Some analysts think that the current credit crisis is not much more than a tempest in a teapot - a large teapot, to be sure, but a teapot nonetheless. They call it a "crisis of confidence", as if all that is missing to make things right is the belief that it will be all right, i.e. the financial engineer's version of "all you have to fear is fear itself". This type of crisis may be a step up in urgency from "a simple re-pricing of risk", as Mr. Secretary Paulson so cleverly undersates it, but the warning light is supposedly still a pale yellow.
Overlooking for a moment the simple fact that our credit and asset economy is by definition based on confidence and that such a crisis is therefore nothing to sneeze at, let's observe some other hard facts to dispel the notion of "just a confidence crisis", a wording that implies that all is taking place inside the cerebellums of panicky speculators and can thus be promptly cured by swallowing a Blue Pill of Confidence, also known as Ben & Hankie's Market Virility Enhancer.
Fact A - Record Total Debt
The total amount of debt in the US has reached $46 trillion dollars, or 338% of GDP - an all time record. Choosing 10% as a semi-arbitrary percentage for annual debt service (interest and principal), we see that it translates into 34% of GDP. This huge amount clearly cannot be met from the "income statement" side of the economy and goes straight to the "balance sheet". This means that debt has reached an exponential growth phase connected with pyramiding, or servicing debt by issuing more debt. Some call this a Ponzi scheme and as with all cons, confidence is, indeed, crucial.
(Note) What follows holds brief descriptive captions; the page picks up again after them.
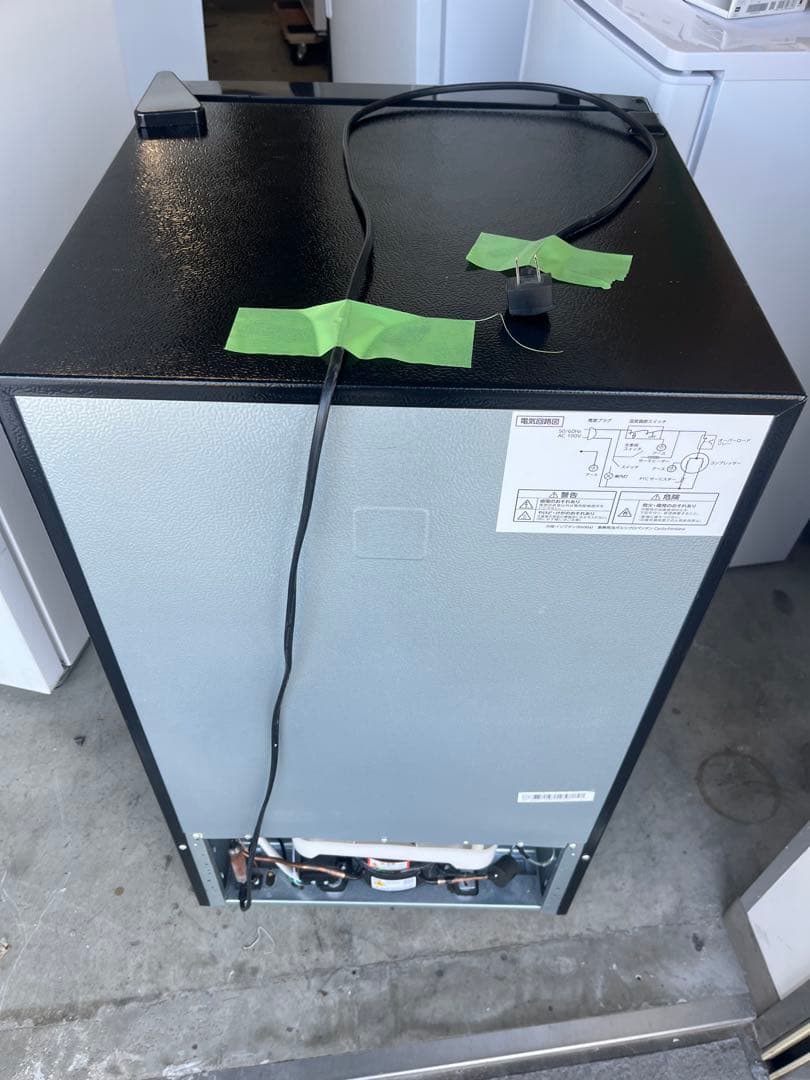 アイリスオーヤマ冷蔵庫 87L PRC-B092D-B ブラック2022年製　T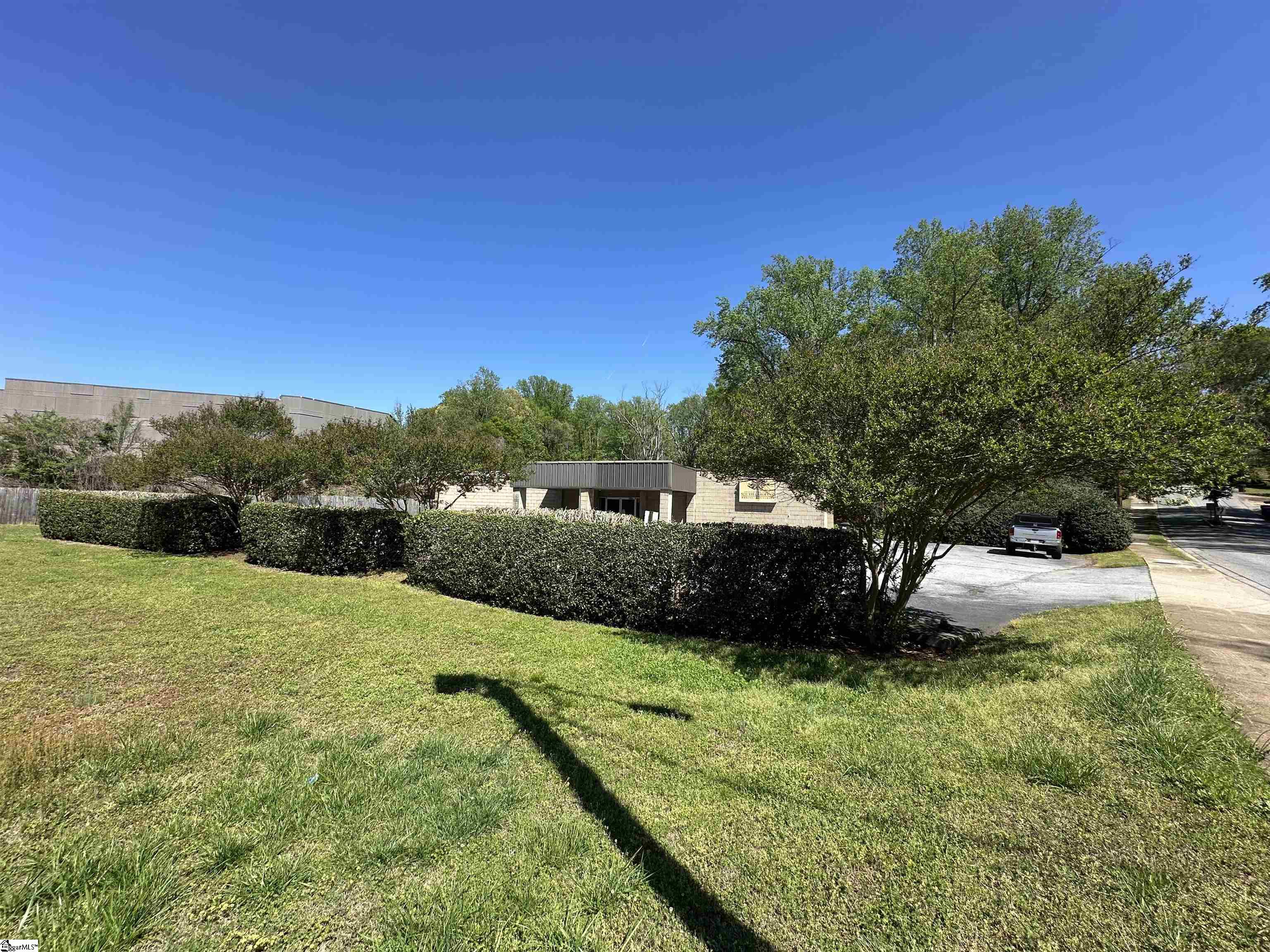 328 Dupont Drive Property Photo 6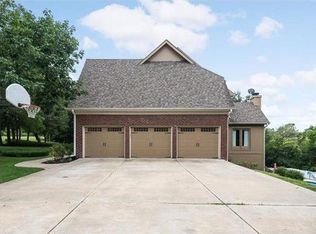 13008 Timberland Dr, Kearney, MO 64060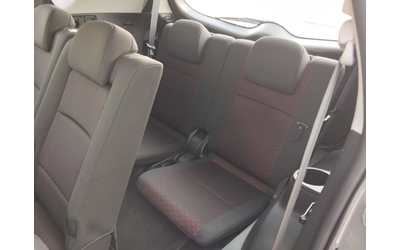 Toyota Corolla verso 2.0D4D - автомобили, коли, обяви за нови и употребявани 8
Fact B - Record Debt in The Financial Sector
One third of that total debt, or 110% of GDP, is now debt of the financial sector, up from just 60% 10 years ago. Regular corporate debt has remained steady at ~40% for decades (see previous post of August 18), implying the rapid leveraging of the US economy is channeled towards the purchase of "assets" and the consumption of "services" and imported goods. To put it simply, America has borrowed to its eyes to buy suburban homes and all kinds of financial assets, watch movies and buy imported goods. (A book on the current US economy could be titled "We Also Make Planes").
Fact C - The Fall of Assets
Asset prices are dropping because irrational over-valuation is evaporating, not because some fund manager is lacking the proper levels of testosterone to buy them. For example, real estate prices got way out of hand when speculators jumped in and created the well-known bubble. We can observe the results in the Census data relating to vacant non-seasonal houses that are for-sale-only: in 2Q2007 such vacancies rose to a record 15.6% (see chart below, click to enlarge). Naturally, mortgages packaged into CDO's and other financially engineered permutations are also getting into trouble - not because of some nebulous lack of confidence, but because borrowers can't service the debt and can't sell the houses, either. RealtyTrac just announced that foreclosures jumped 93% from last year.
However, there is an instance where "lack of confidence" is the appropriate term to use, if somewhat mild for what is actually happening: today, Standard and Poor's downgraded the ratings of two mortgage-related funds from AAA to CCC and may cut them further, as they said. If you count the downgrade steps, those are 17 degrees of separation between prince and pauper and they happened in one go. Yes, I would call that a lack of confidence. In spades.